The broadband business is increasingly turning into the TV business.
Sure, we predicted this, and the Comcast and Time Warner Cable merger is predicated on this, but the dynamic between video and broadband is a great example of watching giant companies try to balance the costs of providing new services while still keeping the margins of the previous service. Call it a pivot of sorts, or changing the engines while a jet is flying, but ISPs have been making these transitions for years.
What’s happening is that as customers find more entertainment value in broadband — either because they are spending all night on Reddit or because they are streaming movies via Netflix or Apple’s iTunes — they are increasingly questioning the value of the cable package. And while these people may not be the dreaded cord cutters or cord nevers, they may attempt to cut the costs of cable by going for an economy package or signing up for service and then dropping it a few months later.
This puts cable companies and telco providers in a bind. To keep subscribers happy they need to cut the costs of their pay TV packages, but they need to do it in such a way that they don’t end up on the wrong side of the negotiating table when it comes to making deals with the content companies. Time Warner Cable had this problem as it emphasized broadband and started making expensive and bottom-line hurting deals with sports and content providers.
The times they are a changing
Yesterday, the credit agency Moody’s said that broadband subscriber numbers will surpass video subscribers for its rated cable companies in the next year. The release touting the stat added:
Fewer video customers means lower programming costs (which are paid on a per subscriber basis) and servicing the video product tends to be the most challenging and costly part of the business, so margins could benefit from the mix shift. But an eroding subscriber base for video also poses risks. Companies with a dwindling number of video subscribers lose economies of scale when it comes to technicians and customer service, driving up costs per customer. And a company’s brand may suffer if it seems to be giving up on video in favor of broadband.

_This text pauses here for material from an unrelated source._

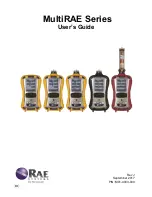 Rae PGM62x0 User Manual предпросмотр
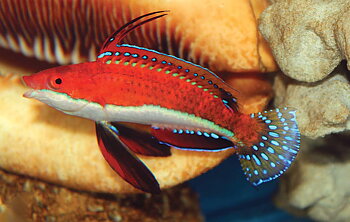 Cirrhilabrus rubriventralis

With pay TV the faltering engine in the ISP plane, understanding how it plans to change it and keep flying becomes worthwhile. ISP executives have known this moment was coming, which is why many of them initially started rolling out broadband caps and the concept of tiered service all the way back in 2008. Getting customers to pay more for using more data as opposed to merely paying more per month for higher speeds was the first step in making sure that as the old engine started to weaken, the new one was ready to rev up. Customers who dumped pay TV to stream video would have to pay more, and those who didn’t yet stream everything would become accustomed to the idea that broadband wasn’t an infinite resource. And when they too reached that ceiling, they would be fine paying up.
You belong to me
If caps made sure the new engine was raring to go, then economy packages that lower subscribers’ costs and long-term contracts were used to make sure the old engines sputter out rather than exploding. Contracts are pretty simple to explain. They lock a customer in on both the broadband and pay TV side for a year or more at a certain promotional rate. Customers who bail may face a termination fee. In many cases it’s tough for a customer to even sign up for a month-to-month broadband package.
For example, when I was switching to AT&T, I was told by an online chat agent that Uverse service wasn’t offered on a month-to-month contract and that she couldn’t help me online; I’d need to call. When I called, the agent was happy to provide me with a month-to-month broadband-only package. However, if I has signed the contract I would have been on the hook for a $180 termination fee, a powerful disincentive for canceling services early. Comcast is a bit less draconian, merely offering a 12-month contracted rate that shoots up if the customer changes the terms of their service. In using contracts, ISPs are ensuring a customer and revenue stream even as the landscape for buying both television and even broadband is changing.
Make you feel my love
Also yesterday Michael Greeson, an analyst with The Diffusion Group, told his story about signing up for cable again after three years as a cord cutter. Basically he had broadband from Comcast and the ability to get basic TV for free over his coaxial cable. When Comcast noticed that we was getting basic TV, it started charging him $25 a month for the service. He later called up and got faster broadband and the basic TV he wanted all for the same price I actually pay for month-to-month 50 Mbps broadband from AT&T.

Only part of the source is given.